=== WHAT YOU NEED TO DO ===
Transcribe each line of the material exactly as it stands.

=== RECORDED INFORMATION ===
=== Begin Enclosure ===

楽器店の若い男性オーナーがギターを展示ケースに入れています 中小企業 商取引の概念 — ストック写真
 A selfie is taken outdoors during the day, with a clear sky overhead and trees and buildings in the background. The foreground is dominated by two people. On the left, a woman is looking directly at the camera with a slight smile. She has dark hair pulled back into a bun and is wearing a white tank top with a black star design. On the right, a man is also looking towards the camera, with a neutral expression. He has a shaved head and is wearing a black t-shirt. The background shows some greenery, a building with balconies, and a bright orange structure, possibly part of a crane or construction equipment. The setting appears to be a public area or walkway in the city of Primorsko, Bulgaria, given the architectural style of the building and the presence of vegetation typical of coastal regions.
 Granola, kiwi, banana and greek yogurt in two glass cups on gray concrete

=== End Enclosure ===

=== PROBLEM SOLUTION ===
楽器店の若い男性オーナーがギターを展示ケースに入れています 中小企業 商取引の概念 — ストック写真
 A selfie is taken outdoors during the day, with a clear sky overhead and trees and buildings in the background. The foreground is dominated by two people. On the left, a woman is looking directly at the camera with a slight smile. She has dark hair pulled back into a bun and is wearing a white tank top with a black star design. On the right, a man is also looking towards the camera, with a neutral expression. He has a shaved head and is wearing a black t-shirt. The background shows some greenery, a building with balconies, and a bright orange structure, possibly part of a crane or construction equipment. The setting appears to be a public area or walkway in the city of Primorsko, Bulgaria, given the architectural style of the building and the presence of vegetation typical of coastal regions.
 Granola, kiwi, banana and greek yogurt in two glass cups on gray concrete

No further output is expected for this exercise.